Health officials don’t know what has caused this outbreak but the State Health Department is investigating.

 

Nazir says heavy rainfall or man-made water systems can contribute to outbreaks.

 

“For example, with the cooling towers in big buildings, plumbing systems, decorative fountains, hot tubs, showers, the bacteria can multiply in sufficient concentration which can lead to the aerosolization of the water droplets and can cause disease,” says Nazir.

 

Of the 14 confirmed cases of Legionnaires’ disease in Sioux Falls, the patients range in age from 36 to 80.

 

Nazir says those who are fifty years or older, smokers, and those with diabetes or cancer are at a higher risk for getting the disease.

 

“The diagnosis of legionnaires pneumonia can be challenging because it can present with a variety of symptoms,” says Nazir.

 

These symptoms include muscle aches, headaches, coughing and a fever.

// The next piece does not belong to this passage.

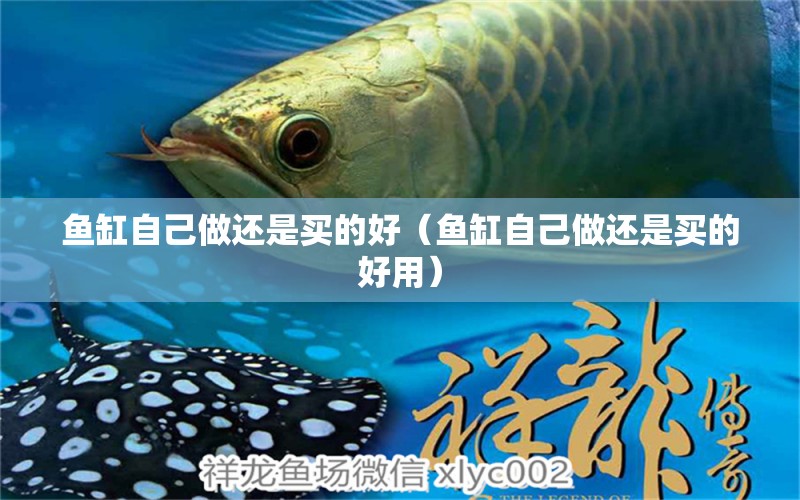 魚(yú)缸自己做還是買的好（魚(yú)缸自己做還是買的好用） 泰龐海蓮魚(yú) 第1張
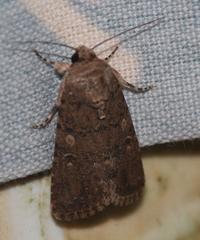 Spodoptera cilium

Nazir urges people not to ignore these signs.

 

“Amongst the patients who get a severe form of pneumonia due to legionella one in ten may die. That’s why it’s so important to diagnose it in a timely fashion and treat appropriately,”  says Nazir.

 

Those infected with Legionnaires’ disease so far either live in or have traveled to Sioux Falls.

 

Nazir says until officials know the cause of the outbreak they can’t tell people how to prevent them from getting sick.

Information from: KDLT NBC News & KSFY ABC News.